| EXERCISE DATA |
──────────────────────────────
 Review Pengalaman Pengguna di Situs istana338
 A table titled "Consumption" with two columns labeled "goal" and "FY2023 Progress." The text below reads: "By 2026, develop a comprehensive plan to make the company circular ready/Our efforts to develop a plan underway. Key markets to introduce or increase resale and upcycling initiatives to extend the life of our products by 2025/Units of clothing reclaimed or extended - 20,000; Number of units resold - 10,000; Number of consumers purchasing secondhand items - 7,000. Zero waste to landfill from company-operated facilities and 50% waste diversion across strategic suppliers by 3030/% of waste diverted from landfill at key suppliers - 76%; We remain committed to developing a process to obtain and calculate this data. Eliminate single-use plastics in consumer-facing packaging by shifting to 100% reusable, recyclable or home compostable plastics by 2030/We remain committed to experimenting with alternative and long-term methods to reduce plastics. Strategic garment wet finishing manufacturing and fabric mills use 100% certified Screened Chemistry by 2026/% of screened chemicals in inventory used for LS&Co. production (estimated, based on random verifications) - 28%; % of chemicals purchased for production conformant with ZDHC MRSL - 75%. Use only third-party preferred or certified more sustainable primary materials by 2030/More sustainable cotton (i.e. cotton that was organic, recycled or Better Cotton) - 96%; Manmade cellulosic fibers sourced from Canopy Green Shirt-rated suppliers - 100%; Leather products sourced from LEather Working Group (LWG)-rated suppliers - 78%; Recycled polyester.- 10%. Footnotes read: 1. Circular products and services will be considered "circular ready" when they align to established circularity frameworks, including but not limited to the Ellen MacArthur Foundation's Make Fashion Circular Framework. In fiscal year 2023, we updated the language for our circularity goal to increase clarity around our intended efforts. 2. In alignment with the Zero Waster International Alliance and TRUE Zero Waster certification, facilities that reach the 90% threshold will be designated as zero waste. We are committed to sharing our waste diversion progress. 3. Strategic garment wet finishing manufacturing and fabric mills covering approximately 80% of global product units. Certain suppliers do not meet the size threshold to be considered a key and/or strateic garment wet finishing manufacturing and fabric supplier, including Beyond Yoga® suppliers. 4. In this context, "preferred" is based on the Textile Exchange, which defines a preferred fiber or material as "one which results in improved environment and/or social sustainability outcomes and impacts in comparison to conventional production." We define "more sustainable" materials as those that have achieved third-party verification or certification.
──────────────────────────────
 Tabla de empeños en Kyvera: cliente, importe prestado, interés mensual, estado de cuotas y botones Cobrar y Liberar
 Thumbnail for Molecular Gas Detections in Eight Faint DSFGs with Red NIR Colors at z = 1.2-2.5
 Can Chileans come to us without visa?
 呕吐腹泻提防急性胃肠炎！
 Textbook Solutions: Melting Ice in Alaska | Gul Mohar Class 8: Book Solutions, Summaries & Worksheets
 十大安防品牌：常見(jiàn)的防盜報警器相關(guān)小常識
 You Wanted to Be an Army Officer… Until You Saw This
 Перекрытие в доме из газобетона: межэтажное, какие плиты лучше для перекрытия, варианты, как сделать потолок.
──────────────────────────────
Starting at the line that contains "十大安防品牌：常見(jiàn)的防盜報警器相關(guān)小常識" and stopping after the line that contains "Перекрытие в доме", write out every line exactly as it appears above, and no other line.

| TASK SOLUTION |
 十大安防品牌：常見(jiàn)的防盜報警器相關(guān)小常識
 You Wanted to Be an Army Officer… Until You Saw This
 Перекрытие в доме из газобетона: межэтажное, какие плиты лучше для перекрытия, варианты, как сделать потолок.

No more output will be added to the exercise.